WHAT TO PRODUCE:
In the material below, the lines from the one containing "3329680053814-Pollen - 20" through the one containing "Business 14 image" are to be given again exactly, ends included, and no others.

INPUT FOR THIS TASK:
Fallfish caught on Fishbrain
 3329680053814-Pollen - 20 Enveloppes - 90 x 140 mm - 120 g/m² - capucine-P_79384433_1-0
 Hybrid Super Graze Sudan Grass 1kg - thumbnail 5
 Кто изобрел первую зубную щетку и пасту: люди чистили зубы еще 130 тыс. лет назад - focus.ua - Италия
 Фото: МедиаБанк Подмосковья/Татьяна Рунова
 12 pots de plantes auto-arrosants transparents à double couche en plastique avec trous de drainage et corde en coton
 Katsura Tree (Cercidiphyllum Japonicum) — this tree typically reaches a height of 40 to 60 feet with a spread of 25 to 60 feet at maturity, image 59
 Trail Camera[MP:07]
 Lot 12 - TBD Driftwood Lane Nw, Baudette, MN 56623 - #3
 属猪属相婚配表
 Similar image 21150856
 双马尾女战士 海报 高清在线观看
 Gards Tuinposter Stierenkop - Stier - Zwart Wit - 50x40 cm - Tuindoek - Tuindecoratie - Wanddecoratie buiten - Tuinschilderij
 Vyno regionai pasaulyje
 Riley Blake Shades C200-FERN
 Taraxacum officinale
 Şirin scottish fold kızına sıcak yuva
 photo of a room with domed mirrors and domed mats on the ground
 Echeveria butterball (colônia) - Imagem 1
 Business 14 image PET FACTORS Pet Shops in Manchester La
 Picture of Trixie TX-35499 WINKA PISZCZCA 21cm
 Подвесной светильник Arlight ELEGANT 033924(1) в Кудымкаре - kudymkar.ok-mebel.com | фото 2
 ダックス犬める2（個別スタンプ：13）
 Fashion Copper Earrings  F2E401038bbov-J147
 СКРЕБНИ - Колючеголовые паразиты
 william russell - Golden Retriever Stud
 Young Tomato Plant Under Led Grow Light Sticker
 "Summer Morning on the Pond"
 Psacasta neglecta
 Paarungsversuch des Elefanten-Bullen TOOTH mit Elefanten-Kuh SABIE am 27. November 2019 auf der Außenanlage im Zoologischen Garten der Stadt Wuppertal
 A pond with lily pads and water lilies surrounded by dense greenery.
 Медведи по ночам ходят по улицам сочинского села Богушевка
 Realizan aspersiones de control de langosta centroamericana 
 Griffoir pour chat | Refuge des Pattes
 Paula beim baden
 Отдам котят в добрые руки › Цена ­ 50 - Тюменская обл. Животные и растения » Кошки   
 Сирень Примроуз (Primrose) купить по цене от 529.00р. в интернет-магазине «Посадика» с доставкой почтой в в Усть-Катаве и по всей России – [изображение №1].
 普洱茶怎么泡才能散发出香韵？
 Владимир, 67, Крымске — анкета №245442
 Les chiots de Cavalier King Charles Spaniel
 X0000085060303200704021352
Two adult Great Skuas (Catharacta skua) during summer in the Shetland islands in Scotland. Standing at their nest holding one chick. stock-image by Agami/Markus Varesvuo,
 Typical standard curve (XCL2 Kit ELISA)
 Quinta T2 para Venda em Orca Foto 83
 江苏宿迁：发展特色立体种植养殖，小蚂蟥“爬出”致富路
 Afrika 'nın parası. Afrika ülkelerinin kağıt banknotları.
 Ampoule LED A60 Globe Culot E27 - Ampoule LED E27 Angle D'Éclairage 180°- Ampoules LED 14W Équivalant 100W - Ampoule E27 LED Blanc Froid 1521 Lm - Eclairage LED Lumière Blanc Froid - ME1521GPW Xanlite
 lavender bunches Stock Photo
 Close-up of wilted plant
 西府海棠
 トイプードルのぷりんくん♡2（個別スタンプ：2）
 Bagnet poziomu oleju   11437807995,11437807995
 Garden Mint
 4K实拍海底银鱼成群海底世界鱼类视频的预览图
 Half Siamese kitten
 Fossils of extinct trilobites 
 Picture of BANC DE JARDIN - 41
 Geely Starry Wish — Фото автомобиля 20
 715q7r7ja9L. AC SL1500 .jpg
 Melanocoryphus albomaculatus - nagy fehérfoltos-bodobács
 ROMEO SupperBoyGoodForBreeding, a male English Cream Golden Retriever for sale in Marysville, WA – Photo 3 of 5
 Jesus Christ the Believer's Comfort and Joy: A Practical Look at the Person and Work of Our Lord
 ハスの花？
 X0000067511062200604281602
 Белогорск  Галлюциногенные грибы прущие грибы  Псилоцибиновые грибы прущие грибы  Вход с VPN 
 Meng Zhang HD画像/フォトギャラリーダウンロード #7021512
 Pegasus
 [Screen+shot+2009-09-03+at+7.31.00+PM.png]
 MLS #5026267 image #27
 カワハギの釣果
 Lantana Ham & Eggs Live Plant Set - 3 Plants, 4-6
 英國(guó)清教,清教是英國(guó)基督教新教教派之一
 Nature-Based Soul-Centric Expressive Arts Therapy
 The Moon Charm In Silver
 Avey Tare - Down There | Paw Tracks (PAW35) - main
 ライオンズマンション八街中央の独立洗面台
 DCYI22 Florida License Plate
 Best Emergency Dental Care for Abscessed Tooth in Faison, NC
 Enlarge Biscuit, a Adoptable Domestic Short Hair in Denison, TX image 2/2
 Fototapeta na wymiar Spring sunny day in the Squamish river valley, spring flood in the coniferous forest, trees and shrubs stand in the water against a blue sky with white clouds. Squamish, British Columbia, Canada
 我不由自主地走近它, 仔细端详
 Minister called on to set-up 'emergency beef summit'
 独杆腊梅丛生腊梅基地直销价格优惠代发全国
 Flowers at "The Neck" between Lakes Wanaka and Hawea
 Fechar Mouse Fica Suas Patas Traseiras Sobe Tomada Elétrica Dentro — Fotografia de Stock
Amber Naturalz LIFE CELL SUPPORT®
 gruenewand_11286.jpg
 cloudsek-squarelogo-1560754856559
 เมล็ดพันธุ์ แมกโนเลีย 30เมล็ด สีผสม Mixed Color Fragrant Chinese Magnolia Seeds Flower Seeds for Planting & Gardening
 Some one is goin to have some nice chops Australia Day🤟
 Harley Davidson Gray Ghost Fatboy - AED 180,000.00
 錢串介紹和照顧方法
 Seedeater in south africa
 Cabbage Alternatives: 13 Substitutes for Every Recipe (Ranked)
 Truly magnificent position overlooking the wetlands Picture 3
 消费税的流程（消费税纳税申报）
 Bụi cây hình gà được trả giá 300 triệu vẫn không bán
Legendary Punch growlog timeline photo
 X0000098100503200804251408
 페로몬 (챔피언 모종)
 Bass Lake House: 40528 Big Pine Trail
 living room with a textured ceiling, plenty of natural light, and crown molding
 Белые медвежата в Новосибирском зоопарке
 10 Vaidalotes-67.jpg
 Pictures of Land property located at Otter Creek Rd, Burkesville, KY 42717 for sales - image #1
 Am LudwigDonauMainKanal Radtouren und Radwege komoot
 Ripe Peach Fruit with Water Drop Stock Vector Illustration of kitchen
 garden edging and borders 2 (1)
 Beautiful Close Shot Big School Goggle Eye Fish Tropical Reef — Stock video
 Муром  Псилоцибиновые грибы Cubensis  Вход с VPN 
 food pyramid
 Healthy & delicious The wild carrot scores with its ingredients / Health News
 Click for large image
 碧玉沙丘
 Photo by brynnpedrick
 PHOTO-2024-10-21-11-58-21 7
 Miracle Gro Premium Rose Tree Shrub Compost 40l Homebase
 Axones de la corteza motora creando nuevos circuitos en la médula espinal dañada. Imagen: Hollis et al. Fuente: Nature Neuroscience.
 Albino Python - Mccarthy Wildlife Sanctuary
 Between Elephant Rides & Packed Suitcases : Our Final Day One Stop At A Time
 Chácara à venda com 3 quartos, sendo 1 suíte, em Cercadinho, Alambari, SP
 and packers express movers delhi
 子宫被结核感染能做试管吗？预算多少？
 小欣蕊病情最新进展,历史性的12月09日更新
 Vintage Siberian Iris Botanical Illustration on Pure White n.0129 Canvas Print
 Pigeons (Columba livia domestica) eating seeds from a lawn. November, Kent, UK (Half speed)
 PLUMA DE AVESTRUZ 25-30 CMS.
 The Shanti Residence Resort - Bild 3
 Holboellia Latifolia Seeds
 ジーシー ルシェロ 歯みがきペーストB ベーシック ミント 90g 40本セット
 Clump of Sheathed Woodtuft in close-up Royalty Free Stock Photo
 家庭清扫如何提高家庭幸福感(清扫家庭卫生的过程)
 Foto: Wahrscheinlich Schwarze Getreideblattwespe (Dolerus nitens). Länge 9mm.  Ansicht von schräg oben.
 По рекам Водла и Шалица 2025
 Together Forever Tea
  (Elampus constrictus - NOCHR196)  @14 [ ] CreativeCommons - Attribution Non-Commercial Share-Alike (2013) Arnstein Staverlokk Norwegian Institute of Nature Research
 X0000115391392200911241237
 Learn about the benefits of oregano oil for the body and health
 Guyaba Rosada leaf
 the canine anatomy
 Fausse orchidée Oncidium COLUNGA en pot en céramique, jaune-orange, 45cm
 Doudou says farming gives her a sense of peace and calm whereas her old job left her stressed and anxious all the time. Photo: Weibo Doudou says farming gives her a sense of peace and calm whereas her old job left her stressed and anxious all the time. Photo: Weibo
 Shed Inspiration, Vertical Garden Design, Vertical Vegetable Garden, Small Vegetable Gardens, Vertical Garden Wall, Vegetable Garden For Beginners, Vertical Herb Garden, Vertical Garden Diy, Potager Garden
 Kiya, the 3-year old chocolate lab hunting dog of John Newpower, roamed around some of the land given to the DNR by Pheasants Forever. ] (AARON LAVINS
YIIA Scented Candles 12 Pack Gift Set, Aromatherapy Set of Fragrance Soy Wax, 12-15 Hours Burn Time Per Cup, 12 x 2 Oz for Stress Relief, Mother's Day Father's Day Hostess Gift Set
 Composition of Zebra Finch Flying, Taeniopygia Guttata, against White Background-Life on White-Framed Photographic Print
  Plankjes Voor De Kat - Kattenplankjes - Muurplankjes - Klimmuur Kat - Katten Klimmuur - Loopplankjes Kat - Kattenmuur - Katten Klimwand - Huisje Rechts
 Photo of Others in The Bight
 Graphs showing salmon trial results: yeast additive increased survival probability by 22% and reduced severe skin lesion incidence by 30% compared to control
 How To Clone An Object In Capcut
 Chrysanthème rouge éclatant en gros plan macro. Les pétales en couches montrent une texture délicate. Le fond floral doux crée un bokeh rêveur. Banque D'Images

OUTPUT:
 3329680053814-Pollen - 20 Enveloppes - 90 x 140 mm - 120 g/m² - capucine-P_79384433_1-0
 Hybrid Super Graze Sudan Grass 1kg - thumbnail 5
 Кто изобрел первую зубную щетку и пасту: люди чистили зубы еще 130 тыс. лет назад - focus.ua - Италия
 Фото: МедиаБанк Подмосковья/Татьяна Рунова
 12 pots de plantes auto-arrosants transparents à double couche en plastique avec trous de drainage et corde en coton
 Katsura Tree (Cercidiphyllum Japonicum) — this tree typically reaches a height of 40 to 60 feet with a spread of 25 to 60 feet at maturity, image 59
 Trail Camera[MP:07]
 Lot 12 - TBD Driftwood Lane Nw, Baudette, MN 56623 - #3
 属猪属相婚配表
 Similar image 21150856
 双马尾女战士 海报 高清在线观看
 Gards Tuinposter Stierenkop - Stier - Zwart Wit - 50x40 cm - Tuindoek - Tuindecoratie - Wanddecoratie buiten - Tuinschilderij
 Vyno regionai pasaulyje
 Riley Blake Shades C200-FERN
 Taraxacum officinale
 Şirin scottish fold kızına sıcak yuva
 photo of a room with domed mirrors and domed mats on the ground
 Echeveria butterball (colônia) - Imagem 1
 Business 14 image PET FACTORS Pet Shops in Manchester La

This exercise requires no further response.